◆ How to complete this task ◆
Transcribe word for word the lines below from the line with "215 Rose Ave, Cleburne, TX 76033 - photo 1" through the line with "Lote anterior: Antiguo", ends included.

☆ ☆ ☆ ☆ ☆ ☆ ☆

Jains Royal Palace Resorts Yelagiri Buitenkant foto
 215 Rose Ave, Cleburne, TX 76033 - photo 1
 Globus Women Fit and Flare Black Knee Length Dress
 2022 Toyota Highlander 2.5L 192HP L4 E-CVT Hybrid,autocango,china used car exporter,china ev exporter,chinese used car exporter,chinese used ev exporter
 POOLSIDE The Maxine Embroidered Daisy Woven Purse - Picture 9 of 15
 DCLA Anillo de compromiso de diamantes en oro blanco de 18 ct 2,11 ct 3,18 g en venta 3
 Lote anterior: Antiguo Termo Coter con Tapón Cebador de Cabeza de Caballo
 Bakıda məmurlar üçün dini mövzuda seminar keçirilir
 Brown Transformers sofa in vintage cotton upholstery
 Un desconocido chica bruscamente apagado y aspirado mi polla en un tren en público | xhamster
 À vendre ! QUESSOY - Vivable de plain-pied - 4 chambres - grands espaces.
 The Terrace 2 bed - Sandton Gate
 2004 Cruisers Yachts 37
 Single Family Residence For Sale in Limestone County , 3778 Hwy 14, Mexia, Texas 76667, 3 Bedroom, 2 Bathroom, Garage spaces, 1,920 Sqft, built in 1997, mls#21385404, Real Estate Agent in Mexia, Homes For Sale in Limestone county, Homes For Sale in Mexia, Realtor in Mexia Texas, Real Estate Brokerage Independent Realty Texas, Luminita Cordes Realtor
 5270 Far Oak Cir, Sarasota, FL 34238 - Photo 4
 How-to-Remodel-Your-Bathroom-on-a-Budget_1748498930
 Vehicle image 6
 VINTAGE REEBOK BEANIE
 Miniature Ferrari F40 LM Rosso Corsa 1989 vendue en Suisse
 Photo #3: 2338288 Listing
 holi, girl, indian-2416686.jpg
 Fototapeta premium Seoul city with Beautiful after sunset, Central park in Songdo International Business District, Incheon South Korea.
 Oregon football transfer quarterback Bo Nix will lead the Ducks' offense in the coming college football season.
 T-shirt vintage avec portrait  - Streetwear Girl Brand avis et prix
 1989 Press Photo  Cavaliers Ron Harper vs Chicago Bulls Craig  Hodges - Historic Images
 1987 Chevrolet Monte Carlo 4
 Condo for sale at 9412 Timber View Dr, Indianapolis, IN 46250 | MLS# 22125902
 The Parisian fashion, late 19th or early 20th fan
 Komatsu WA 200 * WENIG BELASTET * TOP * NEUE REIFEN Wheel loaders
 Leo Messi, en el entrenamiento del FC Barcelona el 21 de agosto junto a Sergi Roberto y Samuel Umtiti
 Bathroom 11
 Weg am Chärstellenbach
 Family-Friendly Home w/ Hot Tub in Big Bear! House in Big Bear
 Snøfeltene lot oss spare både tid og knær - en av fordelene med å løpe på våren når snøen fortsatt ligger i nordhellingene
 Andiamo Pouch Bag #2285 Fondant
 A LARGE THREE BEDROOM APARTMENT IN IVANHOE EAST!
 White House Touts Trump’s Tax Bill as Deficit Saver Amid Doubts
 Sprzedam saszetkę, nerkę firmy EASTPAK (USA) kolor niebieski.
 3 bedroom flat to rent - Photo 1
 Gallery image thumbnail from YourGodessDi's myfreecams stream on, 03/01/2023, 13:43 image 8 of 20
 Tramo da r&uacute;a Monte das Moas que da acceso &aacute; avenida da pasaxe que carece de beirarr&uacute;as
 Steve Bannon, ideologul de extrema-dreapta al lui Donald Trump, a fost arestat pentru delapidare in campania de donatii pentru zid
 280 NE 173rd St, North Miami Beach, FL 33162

☆ ☆ ☆ ☆ ☆ ☆ ☆

◆ Answer section ◆
 215 Rose Ave, Cleburne, TX 76033 - photo 1
 Globus Women Fit and Flare Black Knee Length Dress
 2022 Toyota Highlander 2.5L 192HP L4 E-CVT Hybrid,autocango,china used car exporter,china ev exporter,chinese used car exporter,chinese used ev exporter
 POOLSIDE The Maxine Embroidered Daisy Woven Purse - Picture 9 of 15
 DCLA Anillo de compromiso de diamantes en oro blanco de 18 ct 2,11 ct 3,18 g en venta 3
 Lote anterior: Antiguo Termo Coter con Tapón Cebador de Cabeza de Caballo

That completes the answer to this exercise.